Pour l’autre opinion qui marque une différence entre Midyane actuel et Midyane où trouve asile Mochè, la question se repose. Pour quel motif Mochè choisit Pinhas au lieu de prendre lui-même la direction des combats?
Le midrache souligne ici la rigueur de Mochè. L’intervention de Pinhas eut l’effet heureux d’arrêter une épidémie qui menaçait de s’étendre. L’acte de Pinhas sauve Israël. Mochè est soulagé. Pinhas lui enlève une épine. Car s’il avait tué lui-même Zimri et Kozbi, certains auraient conclu à une vengeance personnelle pour l’offense de Zimri. Mais avec Pinhas, le châtiment était juste et répondait uniquement au critère de venger D’ieu, de se montrer jaloux de la cause divine, sans y mêler un élément personnel.

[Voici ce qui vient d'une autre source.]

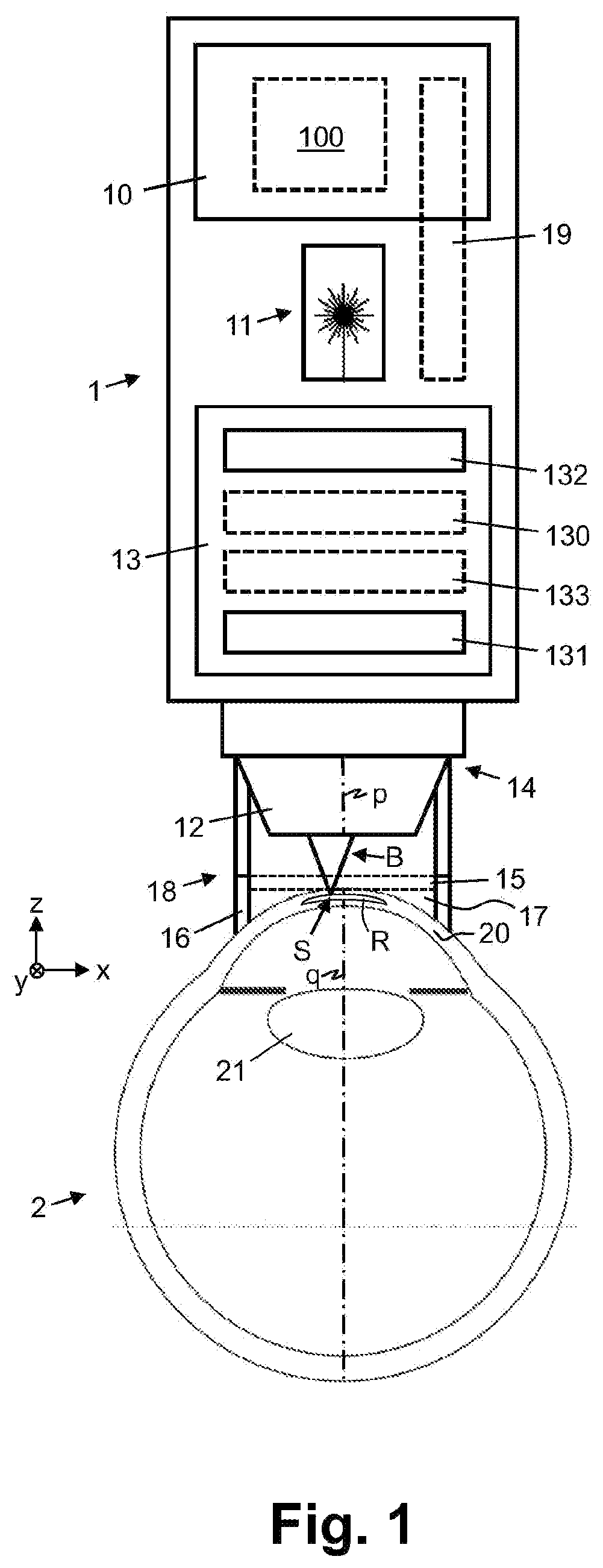 Patent US12303433 Figure 1 – Ophthalmological device for refractive correction of a cornea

C’est à ce titre que Pinhas put rétablir l’harmonie entre D’ieu et Israël. Reconnaissant, Mochè ne veut point priver Pinhas du bonheur d’achever la mitswa. Il est important de mener à son terme une mitswa. Quiconque parachève la mitswa en est le véritable auteur.

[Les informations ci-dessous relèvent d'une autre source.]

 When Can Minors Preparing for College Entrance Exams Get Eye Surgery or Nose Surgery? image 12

Aussi Mochè tient-il à donner à Pinhas le crédit de la mitswa d’exterminer les Midyanim qui, l’entraînant dans la débauche, visaient purement et simplement la fin du peuple d’Israël.
En envoyant Pinhas diriger ce combat, Mochè pense également à la mission historique que Èliyahou, autrement dit Pinhas, doit remplir. Il rétablira également la paix et l’harmonie entre D’ieu et Israël, préludant ainsi de sa délivrance définitive.
1. Bé-midbar 31, 2.
2. Tanhouma sur la Sidra paragr. 3.
3. Tanhouma, Mattote paragr. 3.
4. Bé-midbar 31, 6.
5. Bé-midbar 31, 2.
6. Chémot 7, 19.
7. id. 8, 12.
8. ibid. 2, 12.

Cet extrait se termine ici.